Problem to solve
Retype, word for word, every line of the records below starting at the one that contains "竹節棉口袋圓領T恤-男" and ending at the one that contains "Cream Stonework Net Readymade Lehenga-Koskii"; include both of those lines and nothing more.

Exercise inputs
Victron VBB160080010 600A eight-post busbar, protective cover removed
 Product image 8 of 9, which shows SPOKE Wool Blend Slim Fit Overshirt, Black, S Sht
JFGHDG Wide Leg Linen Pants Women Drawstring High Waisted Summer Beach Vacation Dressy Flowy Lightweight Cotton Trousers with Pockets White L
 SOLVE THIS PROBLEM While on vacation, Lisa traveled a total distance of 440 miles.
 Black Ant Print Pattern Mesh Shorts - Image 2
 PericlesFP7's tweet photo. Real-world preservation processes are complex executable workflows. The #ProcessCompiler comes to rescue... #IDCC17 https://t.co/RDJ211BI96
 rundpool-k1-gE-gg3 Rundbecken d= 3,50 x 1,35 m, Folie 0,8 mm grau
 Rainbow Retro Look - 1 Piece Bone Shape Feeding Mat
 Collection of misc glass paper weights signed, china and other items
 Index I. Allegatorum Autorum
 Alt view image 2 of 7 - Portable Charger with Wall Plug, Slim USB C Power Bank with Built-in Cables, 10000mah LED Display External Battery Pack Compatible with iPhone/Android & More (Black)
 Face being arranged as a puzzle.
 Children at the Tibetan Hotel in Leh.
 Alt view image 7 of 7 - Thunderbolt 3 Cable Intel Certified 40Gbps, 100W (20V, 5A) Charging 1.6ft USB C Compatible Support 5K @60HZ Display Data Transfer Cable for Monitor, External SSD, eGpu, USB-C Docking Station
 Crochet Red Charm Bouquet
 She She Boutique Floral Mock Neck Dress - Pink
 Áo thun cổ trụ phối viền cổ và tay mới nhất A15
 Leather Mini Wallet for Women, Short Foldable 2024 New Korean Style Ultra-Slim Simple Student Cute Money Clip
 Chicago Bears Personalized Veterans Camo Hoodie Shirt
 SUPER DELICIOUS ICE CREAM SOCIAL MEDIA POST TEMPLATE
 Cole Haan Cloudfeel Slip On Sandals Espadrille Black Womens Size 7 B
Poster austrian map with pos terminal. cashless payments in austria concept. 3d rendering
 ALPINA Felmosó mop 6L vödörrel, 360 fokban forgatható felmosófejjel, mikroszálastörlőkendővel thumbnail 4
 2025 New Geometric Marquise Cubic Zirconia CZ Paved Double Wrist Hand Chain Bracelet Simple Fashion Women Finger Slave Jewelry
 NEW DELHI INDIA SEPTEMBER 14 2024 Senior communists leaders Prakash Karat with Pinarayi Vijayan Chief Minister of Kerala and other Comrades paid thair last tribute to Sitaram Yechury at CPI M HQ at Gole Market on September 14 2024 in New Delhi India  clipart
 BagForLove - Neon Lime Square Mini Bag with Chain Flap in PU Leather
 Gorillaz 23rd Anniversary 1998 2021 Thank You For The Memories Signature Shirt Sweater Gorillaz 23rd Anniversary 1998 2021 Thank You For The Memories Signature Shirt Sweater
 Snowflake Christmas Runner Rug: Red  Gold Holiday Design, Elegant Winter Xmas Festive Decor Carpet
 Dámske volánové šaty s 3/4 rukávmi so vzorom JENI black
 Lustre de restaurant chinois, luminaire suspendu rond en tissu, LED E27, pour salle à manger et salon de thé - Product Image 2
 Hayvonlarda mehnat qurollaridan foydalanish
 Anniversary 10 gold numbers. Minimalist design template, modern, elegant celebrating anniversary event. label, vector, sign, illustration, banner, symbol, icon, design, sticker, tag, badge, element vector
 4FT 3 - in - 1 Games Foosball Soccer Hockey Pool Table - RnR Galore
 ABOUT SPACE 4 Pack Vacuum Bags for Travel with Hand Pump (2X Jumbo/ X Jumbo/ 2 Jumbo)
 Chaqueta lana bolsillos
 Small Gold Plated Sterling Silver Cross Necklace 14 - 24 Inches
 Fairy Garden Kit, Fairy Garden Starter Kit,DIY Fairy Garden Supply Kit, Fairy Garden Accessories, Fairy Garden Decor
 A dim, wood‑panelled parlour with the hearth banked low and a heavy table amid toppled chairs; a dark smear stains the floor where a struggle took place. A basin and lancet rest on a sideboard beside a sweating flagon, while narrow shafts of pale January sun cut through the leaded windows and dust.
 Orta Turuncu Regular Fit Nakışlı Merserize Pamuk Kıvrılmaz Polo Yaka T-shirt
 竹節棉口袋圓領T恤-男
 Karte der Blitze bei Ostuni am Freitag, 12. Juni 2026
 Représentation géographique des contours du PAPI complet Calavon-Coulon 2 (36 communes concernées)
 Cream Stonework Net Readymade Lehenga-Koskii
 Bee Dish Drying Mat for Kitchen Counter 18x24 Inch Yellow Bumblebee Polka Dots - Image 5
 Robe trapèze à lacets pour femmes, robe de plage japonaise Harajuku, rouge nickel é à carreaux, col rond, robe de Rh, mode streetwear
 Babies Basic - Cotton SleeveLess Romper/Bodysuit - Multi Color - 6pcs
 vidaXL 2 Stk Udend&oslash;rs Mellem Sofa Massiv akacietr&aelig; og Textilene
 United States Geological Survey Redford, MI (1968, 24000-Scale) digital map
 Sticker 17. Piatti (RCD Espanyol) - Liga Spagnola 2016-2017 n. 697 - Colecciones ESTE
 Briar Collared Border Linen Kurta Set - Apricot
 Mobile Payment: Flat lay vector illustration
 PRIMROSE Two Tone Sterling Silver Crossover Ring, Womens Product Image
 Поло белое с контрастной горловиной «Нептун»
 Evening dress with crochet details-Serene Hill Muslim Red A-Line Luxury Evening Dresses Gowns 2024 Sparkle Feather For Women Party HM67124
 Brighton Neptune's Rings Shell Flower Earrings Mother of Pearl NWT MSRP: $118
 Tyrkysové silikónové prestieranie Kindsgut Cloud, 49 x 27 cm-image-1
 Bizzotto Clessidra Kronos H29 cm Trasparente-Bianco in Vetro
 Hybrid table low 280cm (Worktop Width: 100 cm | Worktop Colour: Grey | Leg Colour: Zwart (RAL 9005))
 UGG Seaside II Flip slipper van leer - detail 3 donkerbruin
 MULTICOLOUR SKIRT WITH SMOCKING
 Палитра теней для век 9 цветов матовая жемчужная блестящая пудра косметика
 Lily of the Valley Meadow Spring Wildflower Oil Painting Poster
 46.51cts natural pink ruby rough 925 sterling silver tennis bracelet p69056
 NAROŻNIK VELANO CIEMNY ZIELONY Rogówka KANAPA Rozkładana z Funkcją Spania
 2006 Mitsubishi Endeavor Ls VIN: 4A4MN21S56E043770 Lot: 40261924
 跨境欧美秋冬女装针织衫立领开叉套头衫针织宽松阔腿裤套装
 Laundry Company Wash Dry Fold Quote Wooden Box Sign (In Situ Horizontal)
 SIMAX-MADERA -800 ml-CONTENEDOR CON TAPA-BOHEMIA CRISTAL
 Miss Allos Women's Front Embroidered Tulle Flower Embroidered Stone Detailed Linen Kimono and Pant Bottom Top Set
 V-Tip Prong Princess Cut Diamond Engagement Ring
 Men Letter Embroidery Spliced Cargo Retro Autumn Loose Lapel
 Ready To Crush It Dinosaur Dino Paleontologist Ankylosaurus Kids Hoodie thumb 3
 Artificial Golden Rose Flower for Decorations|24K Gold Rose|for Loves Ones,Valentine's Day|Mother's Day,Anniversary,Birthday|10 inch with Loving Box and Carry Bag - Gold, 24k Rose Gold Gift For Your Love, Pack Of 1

Answer to this task
 竹節棉口袋圓領T恤-男
 Karte der Blitze bei Ostuni am Freitag, 12. Juni 2026
 Représentation géographique des contours du PAPI complet Calavon-Coulon 2 (36 communes concernées)
 Cream Stonework Net Readymade Lehenga-Koskii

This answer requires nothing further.